Despite the heroics, there's no nick of time victory or last minute salvation, and despite the staginess of the matte painting backgrounds and Biblical epic stylings of movies from the period (Ben-Hur came out a year earlier). Spartacus (Douglas) and his forces face an almost impossible battle, and it doesn't sugar-coat his ultimate fate.

If you don't know much about the movie, you'll realise Ridley Scott's Gladiator is actually something of a remake, telling the story of a young man in an outlying district of the Roman empire trapped in a life of slavery.

When he's condemned to death for attacking a group of centurions, a passing slaver (Ustinov) buys him instead. Taken to a gladiator camp, Spartacus is taught in the ways of combat for the entertainment of the elite, and he falls quietly in love with servant girl Varinia (Simmons).

But when his cruel masters push him too far, Spartacus fights back. His fellow captives break out of the camp and flee into the country where he starts to lead a revolt again the Roman government.

As the political machinations in Rome see rulers rise and fall, all of them supporting and double-crossing each other to feather their own nests, Spartacus hatches a plan to make it to the coast where they intend to hire pirates to ship them out of Italy and freedom from Rome for ever.

Like other films of the period, it has the requisite amount of romance, drama and war.

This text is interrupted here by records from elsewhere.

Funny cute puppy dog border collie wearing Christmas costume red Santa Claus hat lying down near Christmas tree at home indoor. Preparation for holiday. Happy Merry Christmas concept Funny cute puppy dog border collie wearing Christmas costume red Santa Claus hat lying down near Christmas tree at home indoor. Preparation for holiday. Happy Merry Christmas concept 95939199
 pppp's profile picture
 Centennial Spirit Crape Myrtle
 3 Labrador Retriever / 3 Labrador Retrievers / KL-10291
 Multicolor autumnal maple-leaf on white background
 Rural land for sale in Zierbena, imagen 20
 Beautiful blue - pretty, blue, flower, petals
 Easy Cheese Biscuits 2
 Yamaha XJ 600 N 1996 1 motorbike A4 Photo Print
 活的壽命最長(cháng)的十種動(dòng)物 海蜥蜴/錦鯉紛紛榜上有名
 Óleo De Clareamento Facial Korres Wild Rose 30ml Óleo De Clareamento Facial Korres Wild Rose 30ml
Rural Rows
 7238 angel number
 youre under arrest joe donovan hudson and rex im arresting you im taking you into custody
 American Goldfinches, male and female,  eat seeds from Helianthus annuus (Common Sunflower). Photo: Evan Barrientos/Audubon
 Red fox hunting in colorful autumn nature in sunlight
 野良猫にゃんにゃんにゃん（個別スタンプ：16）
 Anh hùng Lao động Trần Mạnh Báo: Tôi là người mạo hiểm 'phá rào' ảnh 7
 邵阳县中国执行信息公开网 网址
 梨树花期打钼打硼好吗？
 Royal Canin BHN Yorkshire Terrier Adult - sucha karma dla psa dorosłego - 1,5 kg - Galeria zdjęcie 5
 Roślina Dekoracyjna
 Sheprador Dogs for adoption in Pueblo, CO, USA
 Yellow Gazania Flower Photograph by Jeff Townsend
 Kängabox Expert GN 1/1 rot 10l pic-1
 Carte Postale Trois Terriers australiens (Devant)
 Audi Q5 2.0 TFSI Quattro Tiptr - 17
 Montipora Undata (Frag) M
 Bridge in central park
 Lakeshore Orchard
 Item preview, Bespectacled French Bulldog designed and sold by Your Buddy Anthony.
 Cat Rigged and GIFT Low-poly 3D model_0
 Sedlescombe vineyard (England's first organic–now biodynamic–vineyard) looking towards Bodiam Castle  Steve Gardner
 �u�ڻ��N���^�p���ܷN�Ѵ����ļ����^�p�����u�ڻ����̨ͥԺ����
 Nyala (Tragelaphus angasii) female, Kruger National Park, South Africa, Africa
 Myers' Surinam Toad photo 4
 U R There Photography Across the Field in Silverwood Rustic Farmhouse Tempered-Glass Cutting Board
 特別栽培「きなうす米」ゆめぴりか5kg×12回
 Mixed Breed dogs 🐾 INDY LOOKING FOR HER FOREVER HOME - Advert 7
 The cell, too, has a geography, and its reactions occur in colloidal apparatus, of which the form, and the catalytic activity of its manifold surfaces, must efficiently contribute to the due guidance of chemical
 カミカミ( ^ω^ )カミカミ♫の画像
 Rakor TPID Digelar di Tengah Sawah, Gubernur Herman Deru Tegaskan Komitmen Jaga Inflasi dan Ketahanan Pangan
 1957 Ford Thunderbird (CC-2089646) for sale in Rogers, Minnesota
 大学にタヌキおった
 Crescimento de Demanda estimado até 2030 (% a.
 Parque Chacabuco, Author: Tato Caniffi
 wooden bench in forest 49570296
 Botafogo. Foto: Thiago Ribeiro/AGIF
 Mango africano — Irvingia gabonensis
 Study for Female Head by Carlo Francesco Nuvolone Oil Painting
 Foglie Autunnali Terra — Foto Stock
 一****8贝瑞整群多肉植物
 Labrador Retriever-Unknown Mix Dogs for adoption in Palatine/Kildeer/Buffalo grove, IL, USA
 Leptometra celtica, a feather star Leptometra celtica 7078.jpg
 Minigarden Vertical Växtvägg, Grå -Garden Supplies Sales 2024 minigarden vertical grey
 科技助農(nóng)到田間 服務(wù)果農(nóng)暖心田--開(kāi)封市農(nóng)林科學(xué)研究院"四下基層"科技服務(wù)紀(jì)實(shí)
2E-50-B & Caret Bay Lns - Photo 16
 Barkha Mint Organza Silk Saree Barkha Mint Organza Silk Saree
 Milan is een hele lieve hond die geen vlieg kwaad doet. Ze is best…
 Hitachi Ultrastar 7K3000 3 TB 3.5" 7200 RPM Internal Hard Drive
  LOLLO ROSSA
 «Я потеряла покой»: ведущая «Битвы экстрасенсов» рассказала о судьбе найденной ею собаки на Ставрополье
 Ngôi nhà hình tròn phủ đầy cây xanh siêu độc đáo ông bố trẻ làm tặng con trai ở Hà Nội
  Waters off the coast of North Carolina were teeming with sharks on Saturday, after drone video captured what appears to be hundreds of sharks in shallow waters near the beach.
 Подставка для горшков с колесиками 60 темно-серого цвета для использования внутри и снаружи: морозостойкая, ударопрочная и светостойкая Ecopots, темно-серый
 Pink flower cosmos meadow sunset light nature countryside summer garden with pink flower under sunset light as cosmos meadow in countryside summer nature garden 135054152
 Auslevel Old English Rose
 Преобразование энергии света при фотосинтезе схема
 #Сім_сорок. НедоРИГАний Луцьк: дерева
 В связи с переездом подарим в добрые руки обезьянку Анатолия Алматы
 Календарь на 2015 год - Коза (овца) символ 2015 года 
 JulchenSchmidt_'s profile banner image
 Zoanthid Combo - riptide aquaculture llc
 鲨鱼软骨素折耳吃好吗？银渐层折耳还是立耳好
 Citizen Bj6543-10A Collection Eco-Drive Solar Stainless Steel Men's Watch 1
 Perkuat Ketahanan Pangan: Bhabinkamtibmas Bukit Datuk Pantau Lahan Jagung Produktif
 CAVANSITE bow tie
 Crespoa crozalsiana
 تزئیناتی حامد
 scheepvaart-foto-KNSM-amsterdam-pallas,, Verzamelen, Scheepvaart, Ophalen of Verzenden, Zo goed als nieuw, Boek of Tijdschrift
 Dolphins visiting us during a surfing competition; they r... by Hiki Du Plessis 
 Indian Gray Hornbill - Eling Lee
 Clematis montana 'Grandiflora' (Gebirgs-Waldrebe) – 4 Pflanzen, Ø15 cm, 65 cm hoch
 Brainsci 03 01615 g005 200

Spartacus is part hero, part cowboy, all chin and jaws, and Kubrick surrounded him with some of the greatest British thespian talent of the day including Ustinov and Olivier as the scheming General Crassus.

That it doesn't end how you think it will is a testament to either the brave script by Dalton Trumbo (blacklisted in the McCarthy era) or the studio who took a risk on such a downer ending, but all the other trappings of the genre and period are a great part of your movie education, especially if you can manage to see it on the big screen.